Mordechai Pinchas Sofer

A sefer torah consists of 304,805 letters and each one of them has to be properly formed and complete and, it goes without saying, in the right place!

There are many kinds of errors that a scribe can make when writing even when paying the most care and attention that he can. A slip of concentration however can result in a serious mistake.

To ensure that a scroll is kasher (valid) then, one cannot rely entirely on the sofer. Instead the scroll needs to be proof-read by a magiah (a checker). Indeed there should be three independent human checks, though since the advent of computerised checking (bedikat machshev) this isn't always followed.

Having secured a colleague of mine a commission for a new torah, I found myself in the role of magiah for the first time. In the past I have corrected a scroll which had had computer checks and to a certain extent I am performing as a magiah when I do a restoration check as I will pick up bad letter forms, letter breaks, spacing issues (too much between letters making something k'shtey milim (appearing like two word) or too little between words making it appear as k'mila achat (as one word)) and the occasional spelling error - but it isn't a full proof-read.

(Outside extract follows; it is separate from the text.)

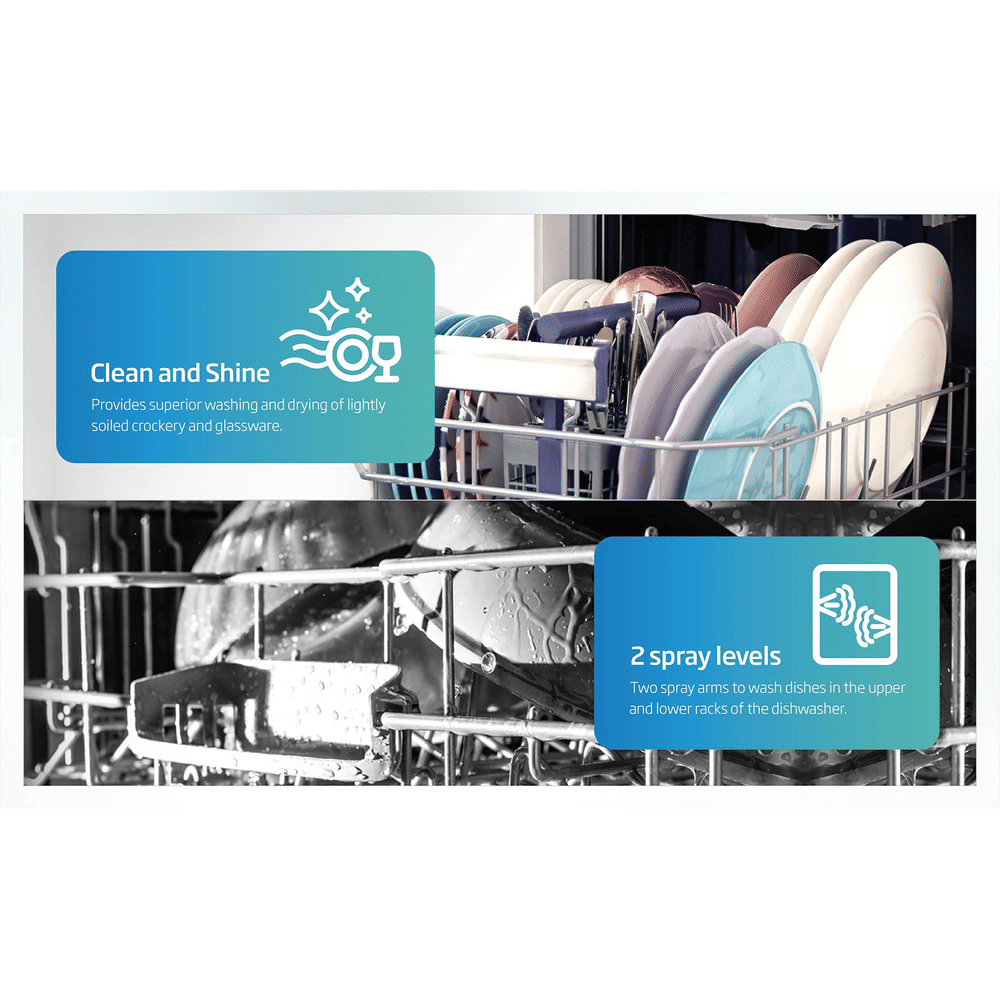 Buy VOLTAS beko 8 Place Settings Free Standing Dishwasher with 2 Spray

Me being a magiah.Letter by letter from the tikkun.
Photo: Avielah Barclay

This time however it's literally reading through the whole Torah armed with my trusty tikkun (I say 'trusty' advisedly as it is the master copy that the scribe trusts to be accurate) and a pencil to mark lightly where there is an error at the side of the amud (column).

At the time of writing this diary I have just finished checking Bereshit and on average I am finding 5-8 issues on each yeriah (sheet). Below are some pictures of examples of problems found. Many are missing or extra letters (often a vav or a yud), sometimes missing a whole word or a repeat of a word or even the wrong word that may start with the same letters as the right word.

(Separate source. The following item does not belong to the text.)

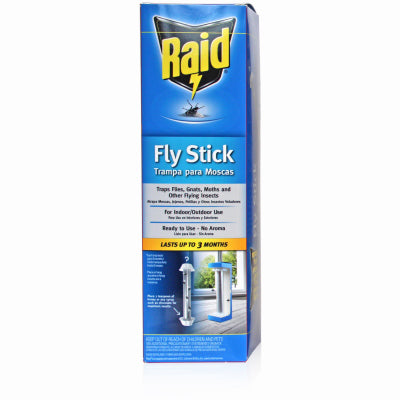 Raid Odorless Fly Trap Stick 0.1 lbs. (Pack of 6)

Having only a few issues per sheet is no mean feat from a sofer, when you stop to think about how many red squiggly lines Microsoft will add to most documents that you produce at work or home before you spell check. I proof-read my books carefully before
publication and it always astounds me how many errors I miss when I'm working on the screen as opposed to when I get a printed copy to work on

Above: missing the word et.

Above left: n’giah - a join on the letters vav and tav. Middle: A blot on the nun. Right: The parts of the mem don’t join up, so the letter is not golem echad (one form).

Above: l’Avraham instead of el Avraham.

Above left: Lot spelt with a tav instead of a tet. Right: Hashemesh (the sun) instead of hashamayim (the heavens).

Interestingly being able to read and understand what is in the Torah is only partly helpful as a magiah as it will alert you quickly to things that just don't feel right. However being familiar with the text means that your brain can fool you into seeing what you think you ought to see and therefore missing and error. Thus checking word by word and letter by letter in the tikkun is the order of the day. And when you do think you've found an error checking again to make sure you are in the right place and it is a genuine error as there may be similar phrases close by each other and you may have skipped down to the wrong word as much as a sofer could.

Correcting a Torah is an important role. The talmud says that ‘he who corrects even one letter in a Torah, it is accorded to him as if he wrote the Torah himself.’ Now I wouldn't go that far as the sofer is doing the really hard work, but the magiah helps make it kasher and fit for use in the community.